At first, we analyzed the hyperparameters of each algorithm and optimized those that we expected to have the greatest impact on the results during early tests of our implementation. We chose the data from five weeks between 50th and 55th week. We performed stratified random sampling and selected 10,000 training and 5000 testing records. We kept only 5 % of the labeled from the training set, and the rest remained unlabeled. Using this data, we evaluated the classification accuracy for various sets of hyperparameters.

For the Pseudo-labeling algorithm, we optimized the threshold ϑ and the maximal weight w max for the unsupervised loss component. For the consistency preserving algorithms, we optimized the standard deviation σ of the noise used in data augmentation and again the parameter w max . Furthermore, we repeated the search of parameters for all six combinations of variants of the algorithm, which were: Π-model or temporal ensembling and whether to use dropout, augmentation or both. We took the parameters from the following sets: w max ∈ {0.1, 1, 2, 5, 10, 15, 20, 30, 50}, σ ∈ {0.01, 0.05, 0.1, 0.15, 0.2, 0.3, 0.5}, ϑ ∈ {0.5, 0.7, 0.8, 0.9, 0.95, 0.98, 0.99}. However, because of the high time requirements, we restricted attention among the two similar models proposed in [12] only to the Π-model. For the same reason, we did not perform the full factorial search through all possible combinations.
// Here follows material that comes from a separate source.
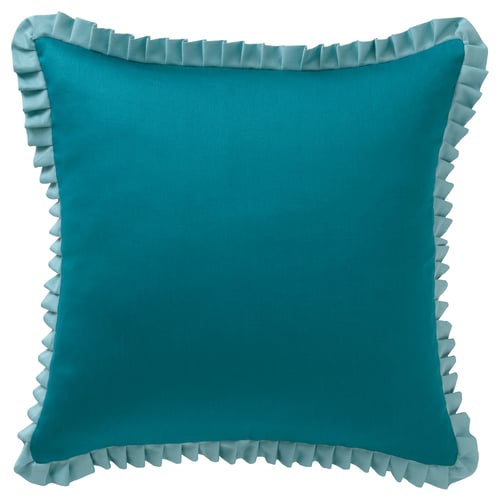 Square turquoise cushion with ruffled edges and zip closure.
Instead we optimized only one parameter at time, keeping others on default values which were: w max = 30, σ = 0.1 and ϑ = 0.9. Among all these tuned hyperparameters, the most critical from the point of view of the predictive accuracy were the maximal weight, and the standard deviation of the Π-model noise. The rest of the hyperparameters we used as stated in the original papers or we modified them slightly according to our observations because the domain of our dataset is entirely different. The final values of the chosen hyperparameters used in experiments follow in Table 2. For the fully supervised training, we enabled the dropout and the data augmentation in the same manner as with the Π-model. In every experiment, we used the same MLP architecture with five layers and the topology 128-96-64-32-5.
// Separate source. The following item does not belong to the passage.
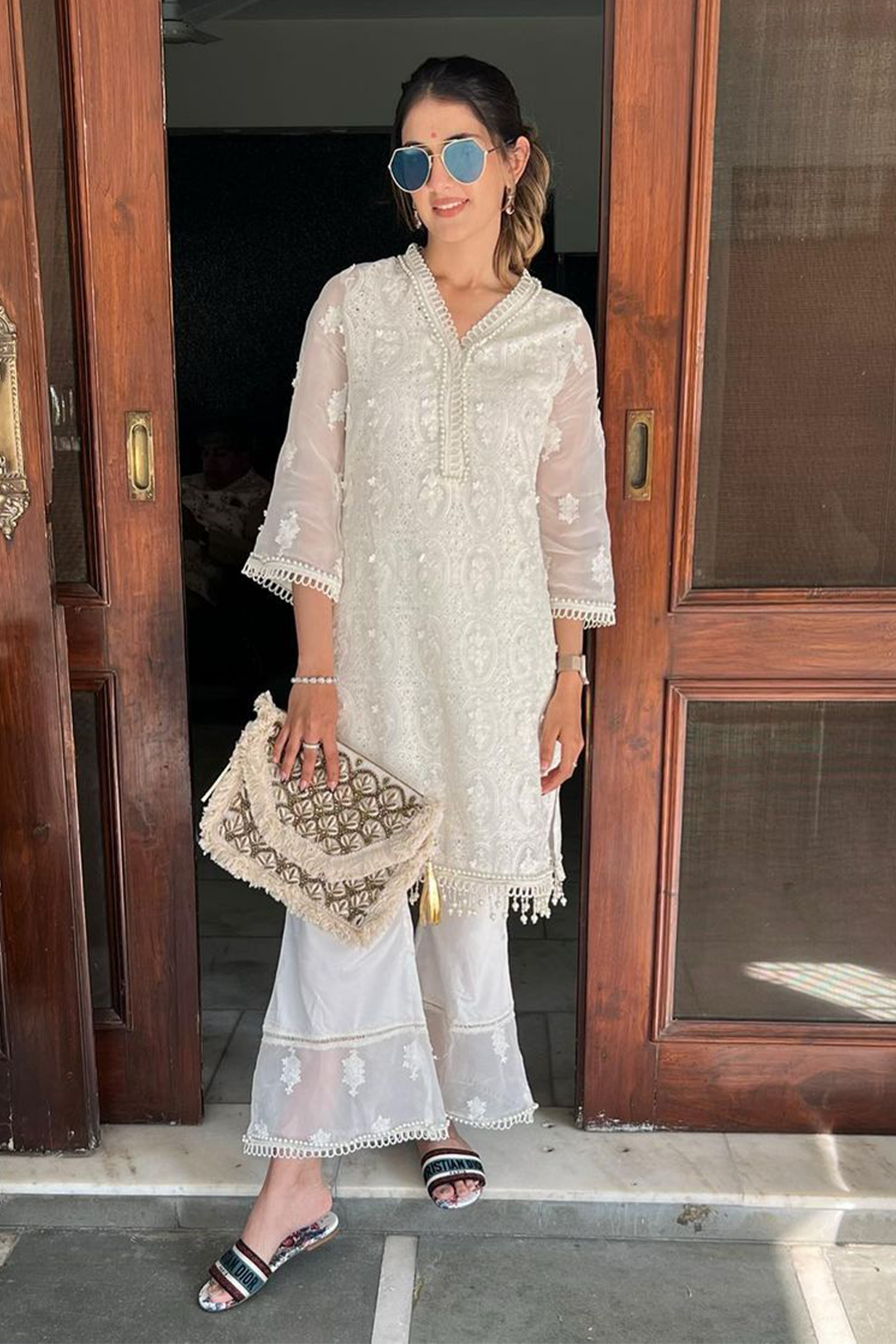 Savannah Tencel Luxe Organza Off White Kurta Set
Then we measured the performance of the Pseudolabeling, Π-model, and the purely supervised baseline for different proportions of labeled data. We varied the ratio r = |L | : (|L | + |U |) in the set of values {0.5%, 1%, 2%, 5%, 10%, 25%, 50%, 75%}. As the training union of labeled and unlabeled data, we took 10,000 stratified samples from 5 consequent weeks and split them in the considered ratios. Then we trained 20 separate instances of the network and calculated the average accuracy on a stratified test set of size 5000 for them. We repeated this experiment for four arbitrarily chosen distinct groups of weeks: 1-5, 51-55, 101-105, and 151-155. We also evaluated the performance of trained networks on the data from all of the following weeks. This is particularly interesting from the point of view of the considered application domain. Because the structure of malware changes over time, the prediction accuracy of the newer data tends to get worse. That means that if semi-supervised learning could overcome this problem, it could be beneficial. Therefore, we tried to take the data from newer periods than the labeled weeks as the unlabeled training set. So we trained the network using labeled data together with unlabeled data from several weeks later. Unfortunately, we did not manage to outperform the standard fully supervised learning this way using any of the implemented methods, so we refrained from it. We present the results of these experiments in the following section.
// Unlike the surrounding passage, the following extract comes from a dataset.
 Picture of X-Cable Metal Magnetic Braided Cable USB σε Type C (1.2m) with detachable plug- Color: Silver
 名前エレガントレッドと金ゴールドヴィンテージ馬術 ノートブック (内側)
Results and Their Discussion

Using the hyperparameters setting presented in the previous section, we measured the average test accuracy of 20 training runs of our three implementations in relation to the proportion of the labeled data in the training data set. The results can be found in Table 3. We can see that the performance of the fully supervised learning depends on the number of labeled data as it is the only learning source for the network. The results of the semi-supervised algorithms Pseudo-labeling and Π-model are more interesting. Both algorithms bring a slight increase in the accuracy of low ratios of the labels. The most noticeable improvement is when there are only around 1 or 2 % of labels. When the ratio gets above 10 %, the accuracy gain is negligible, and for the higher values, the semi-supervised effect is even negative. Also, it seems that Π-model outperforms Pseudo-labeling, as its accuracy is higher in most of the measurements.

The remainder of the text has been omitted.